▶ **Aim of the exercise**: Please retype the records below exactly, leaving out any pictures.
------ Records supplied
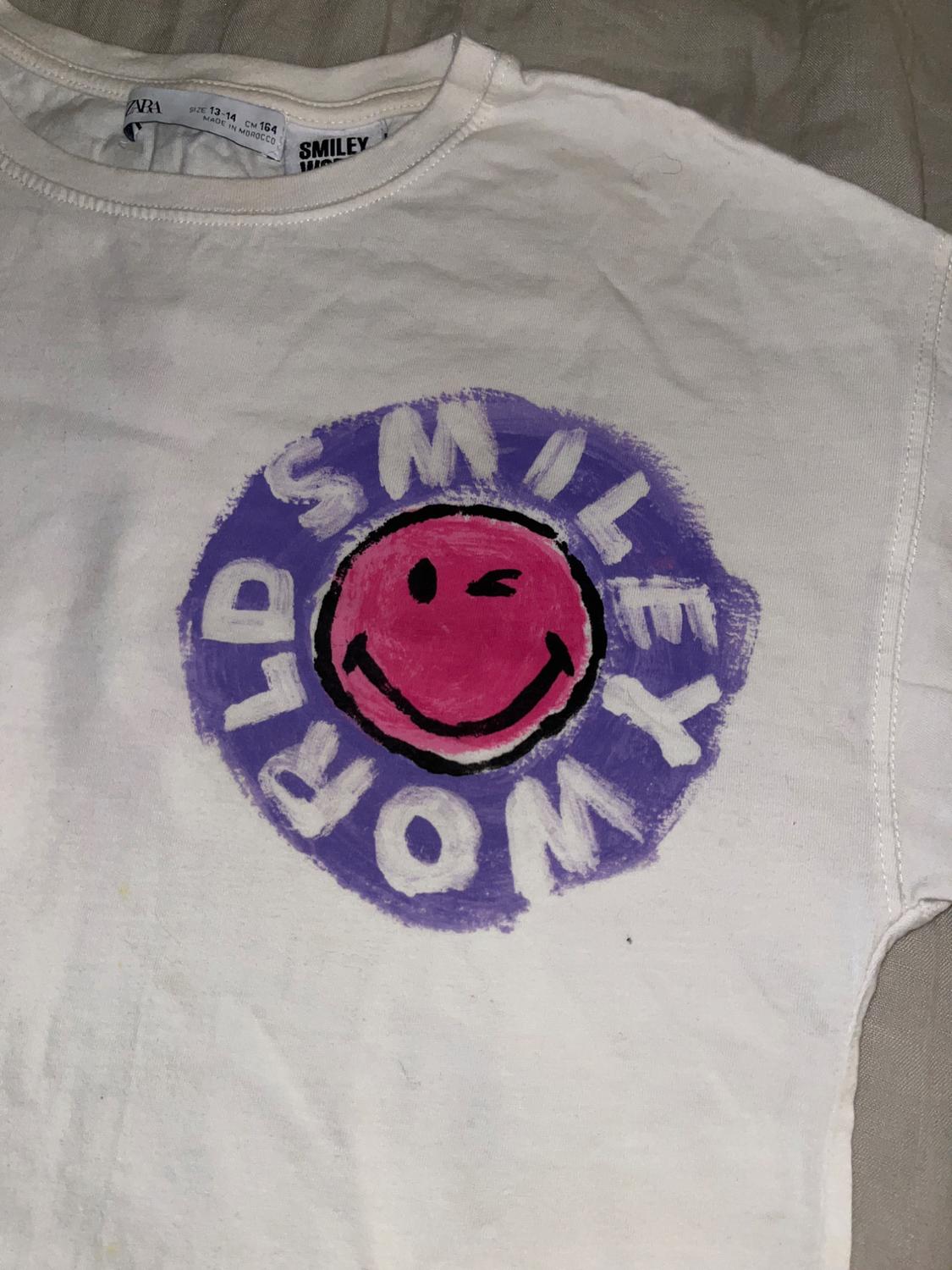 SMILEYWORLD ® HAPPY COLLECTION T-SHIRT - Image 4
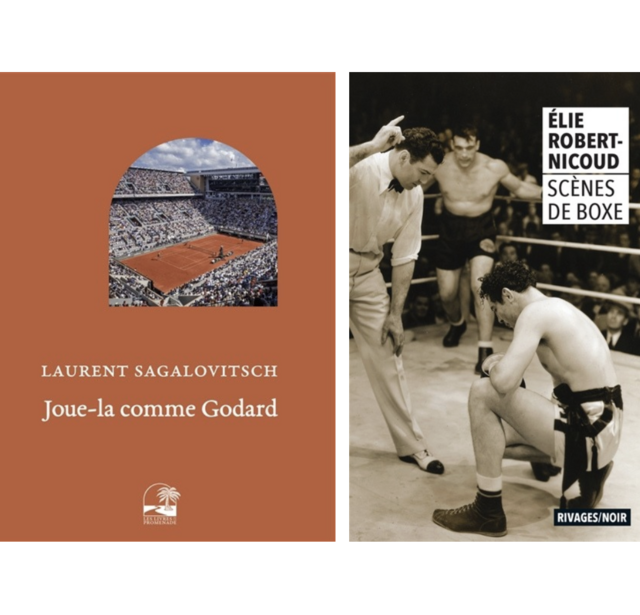Les lauréats du Grand prix sport et littérature 2025 et du prix du meilleur livre de boxe du siècle 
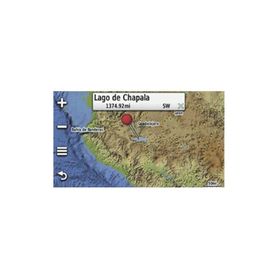 mapa topográfico de todo méxico contienen información de terreno elevación cumbres rios lagos y arroyos193804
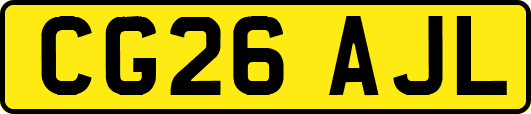 CG26AJL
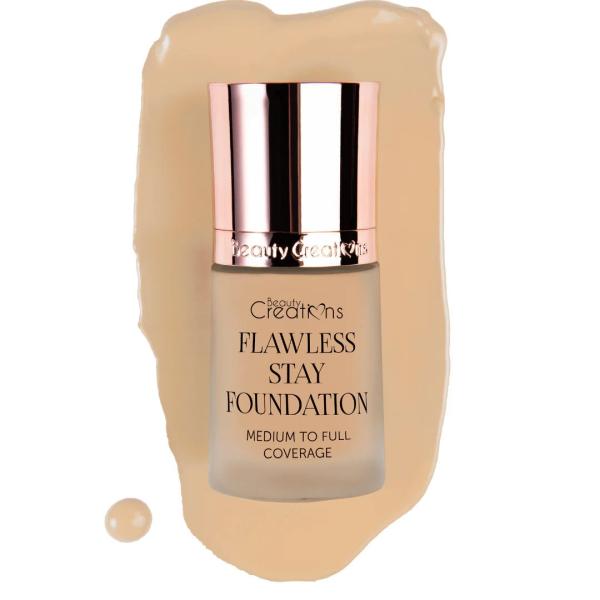 Beauty Creations FLAWLESS STAY FOUNDATION - FS 4.0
------------
▶ **Response**:
 SMILEYWORLD ® HAPPY COLLECTION T-SHIRT - Image 4
Les lauréats du Grand prix sport et littérature 2025 et du prix du meilleur livre de boxe du siècle 
 mapa topográfico de todo méxico contienen información de terreno elevación cumbres rios lagos y arroyos193804
 CG26AJL
 Beauty Creations FLAWLESS STAY FOUNDATION - FS 4.0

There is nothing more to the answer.